**Exercise**.
Would you reproduce the whole listing exactly, minus its images?
***** Data below
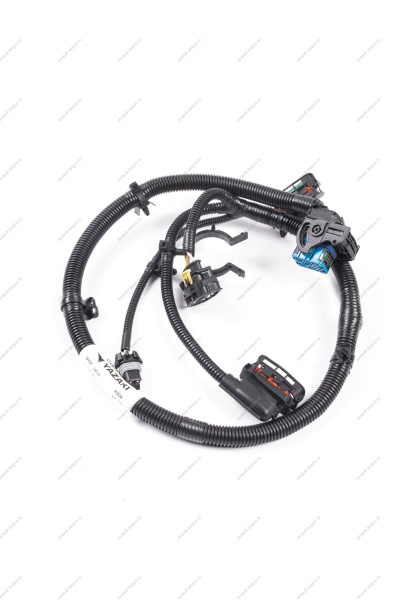 Жгут проводов задний дополнительный АМТ LADA Vesta Lada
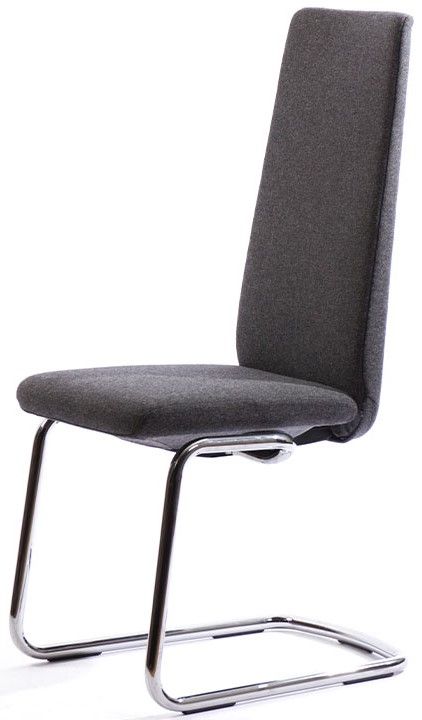 Diningstoel Laurel  | StresslessB47 x D57 x H105 cm
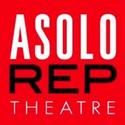 Asolo Repertory Theatre Adds VENUS IN FUR to 2012-13 Season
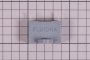 66069R0025_275654_66069r0025_0.JPEG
**********
**Reply**.
 Жгут проводов задний дополнительный АМТ LADA Vesta Lada
 Diningstoel Laurel  | StresslessB47 x D57 x H105 cm
 Asolo Repertory Theatre Adds VENUS IN FUR to 2012-13 Season
 66069R0025_275654_66069r0025_0.JPEG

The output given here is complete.